### WHAT YOU HAVE TO DO:
Your copy should start at the line with "Palm Angels The" and end at the line with "Los Angeles Soccer" in the data below. Transcribe only those lines, exactly, pictures excluded.

### Data excerpts:

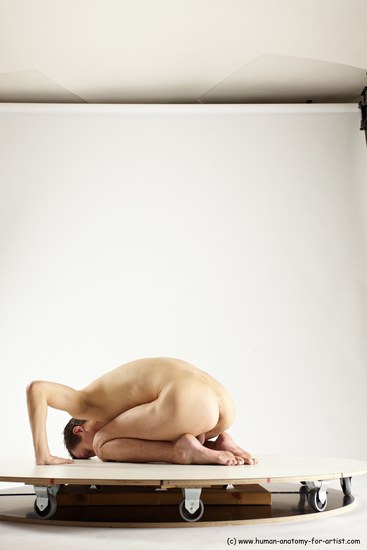 Nude Man White Athletic Short Brown Sitting poses - ALL Sitting poses - on knees Multi angles poses Realistic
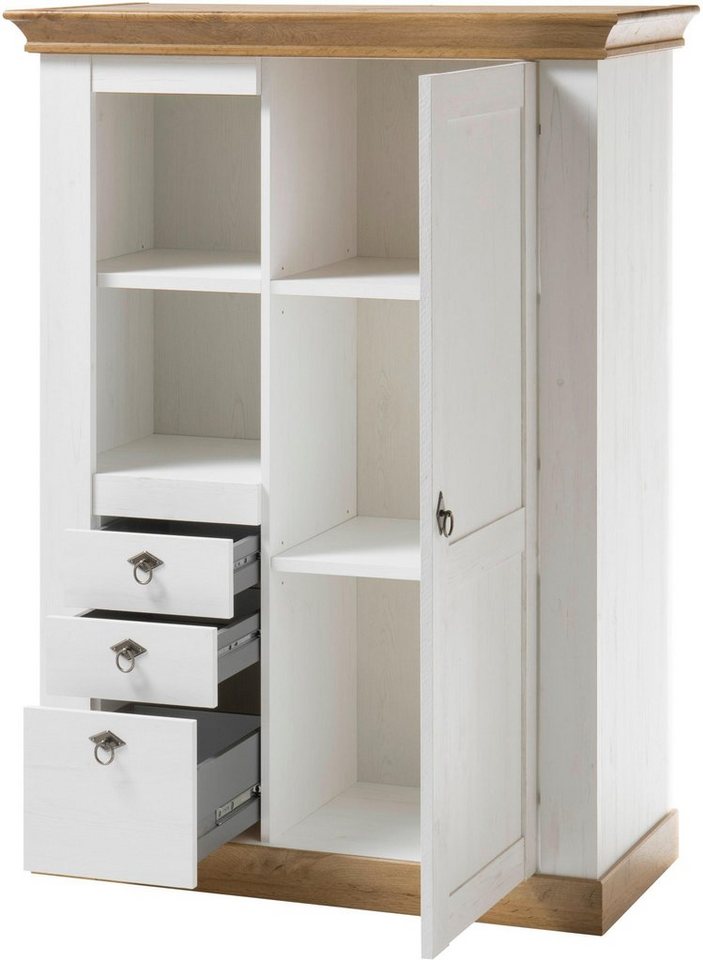 Home affaire Highboard Cremona, Schrank im Landhausstil, Wohnzimmerschrank, Mehrzweckschrank, Metallgriffe, ausreichend Stauraum, vielseitig einsetzbar, 139 cm  – Bild 4 von 5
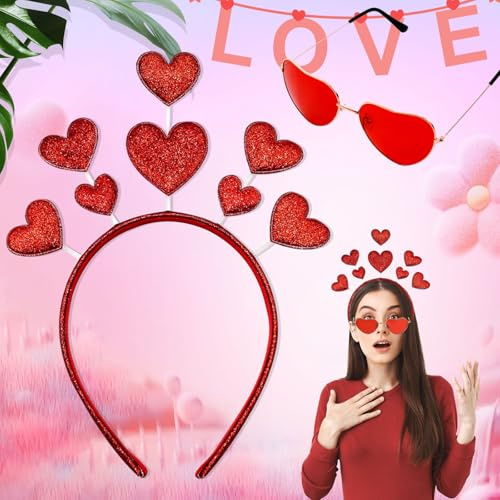 SUpoetry Herz Haarreif Rot Herz,Herz brille Rot und Her z Haarreif Set | Valentinstag Herz Stirn-band Herz Brille,Amor Accessoires für Karneval Valentinstag Fasching Party Kostüm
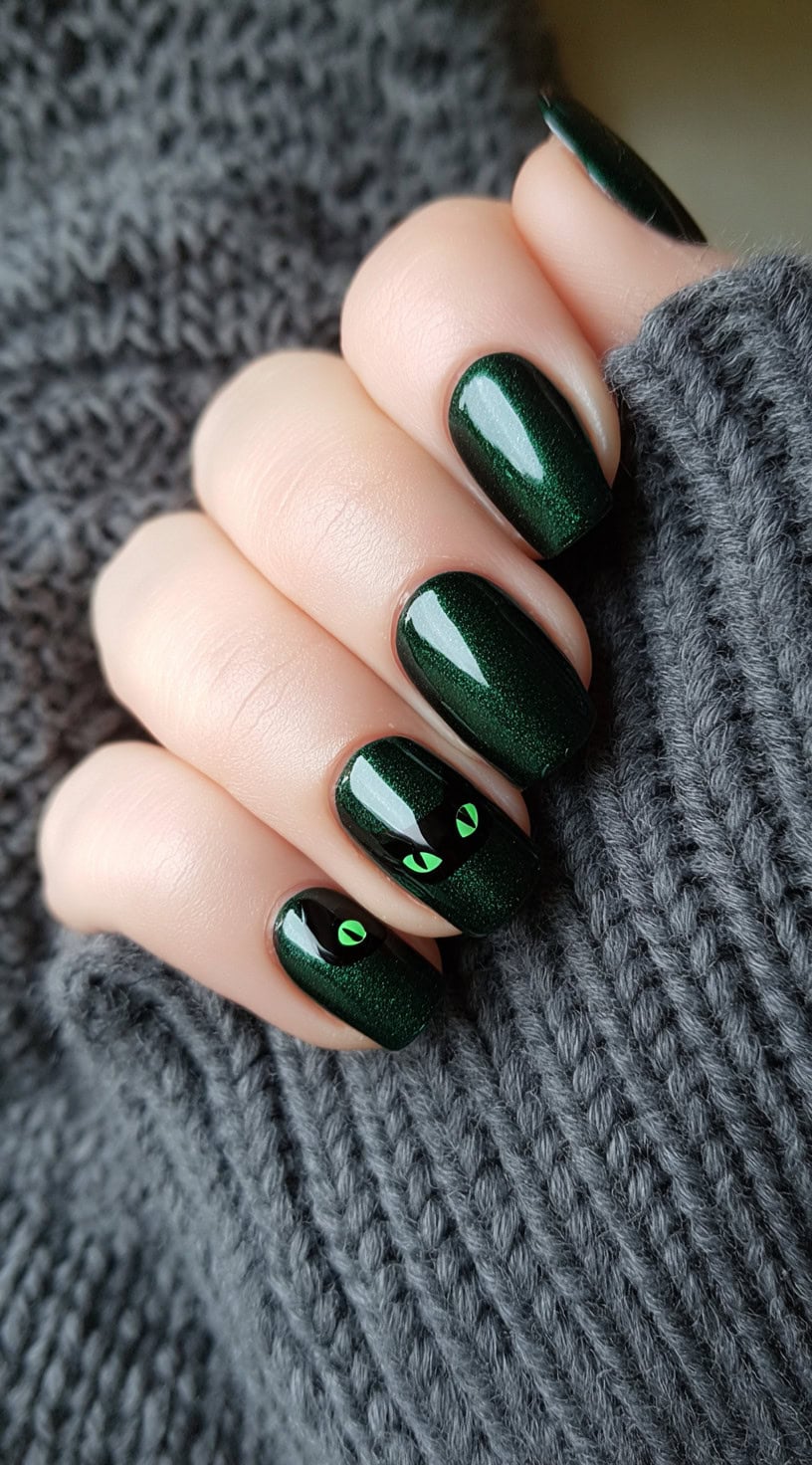 Short oval nails coated in glossy emerald green polish, with two accent nails featuring a pair of eerie cat eyes in lime green.
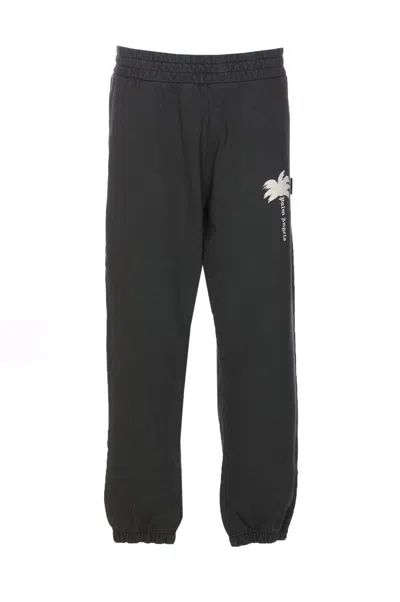 Palm Angels The Palm Printed Elasticated Waist Track Trousers In Dark Grey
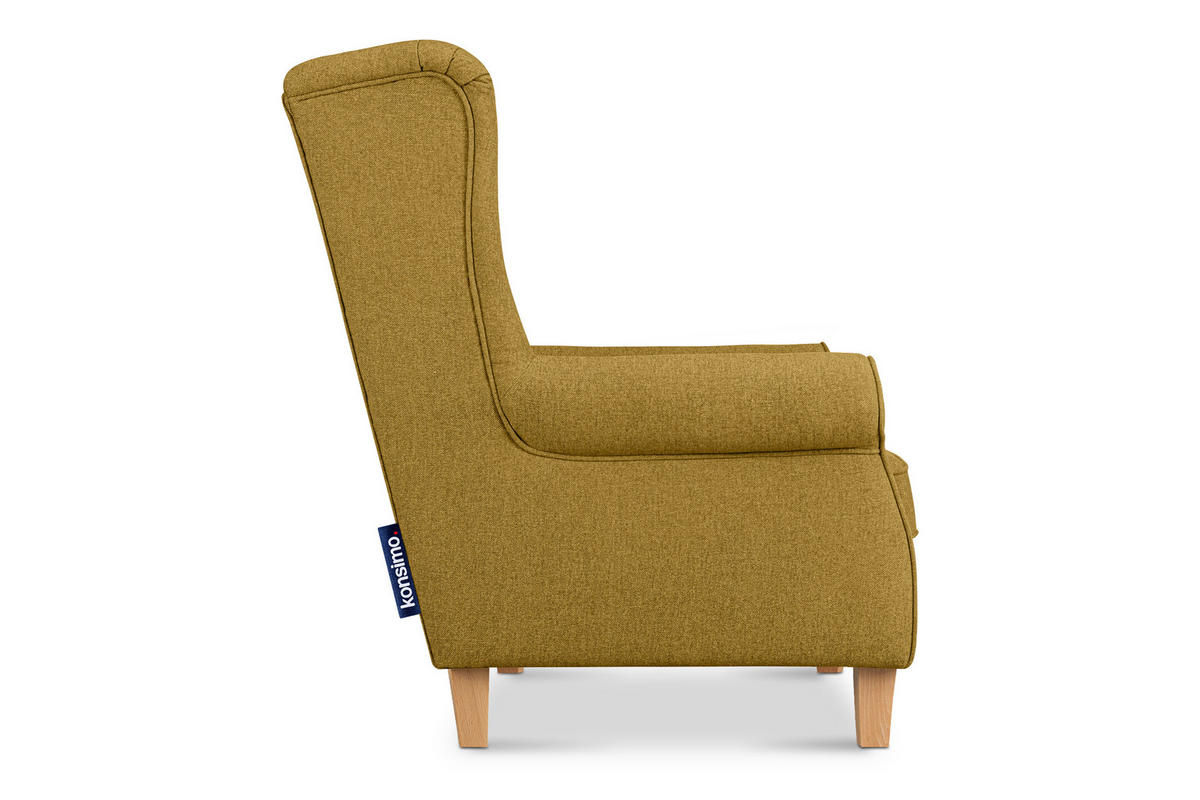 OHRENSESSEL MILES Masivholzbeine buche, honigfarben - Honig, Holzwerkstoff/Buchenholz (82/105/97cm) - KONSIMO®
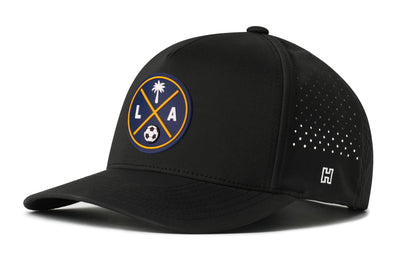 Los Angeles Soccer Performance 5-Panel Hat, black snapback showing Haka brandmark on left side of cap.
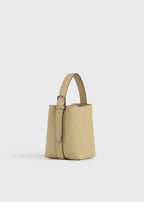 Small Belted grained-leather tote cashew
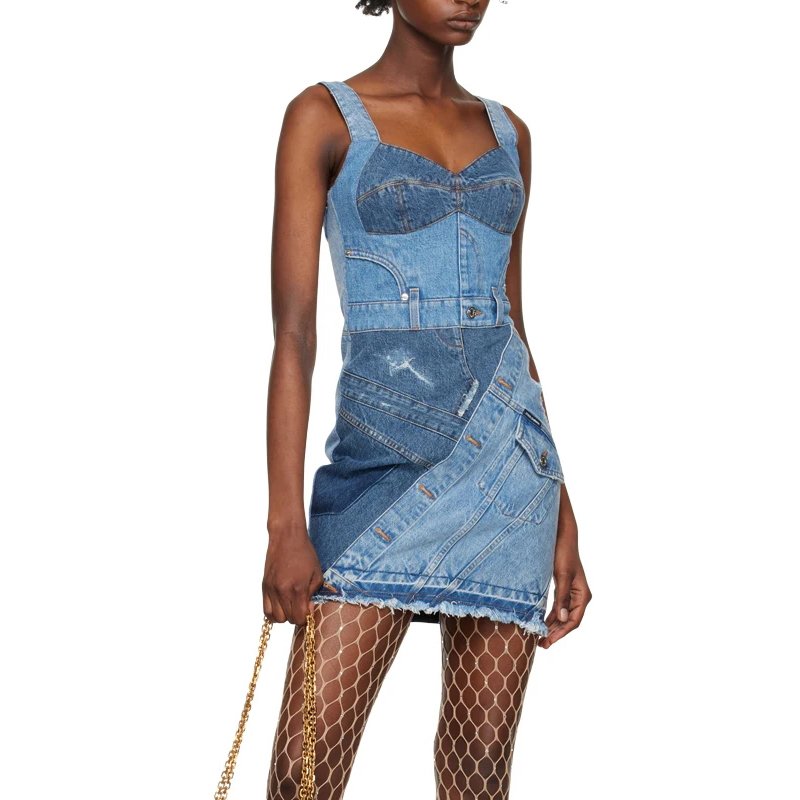 Blue Sling Dress OEM two-color splicing hemline washed raw edge design fashion casual denim dress for women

### SOLUTION TO THIS EXERCISE:
 Palm Angels The Palm Printed Elasticated Waist Track Trousers In Dark Grey
 OHRENSESSEL MILES Masivholzbeine buche, honigfarben - Honig, Holzwerkstoff/Buchenholz (82/105/97cm) - KONSIMO®
 Los Angeles Soccer Performance 5-Panel Hat, black snapback showing Haka brandmark on left side of cap.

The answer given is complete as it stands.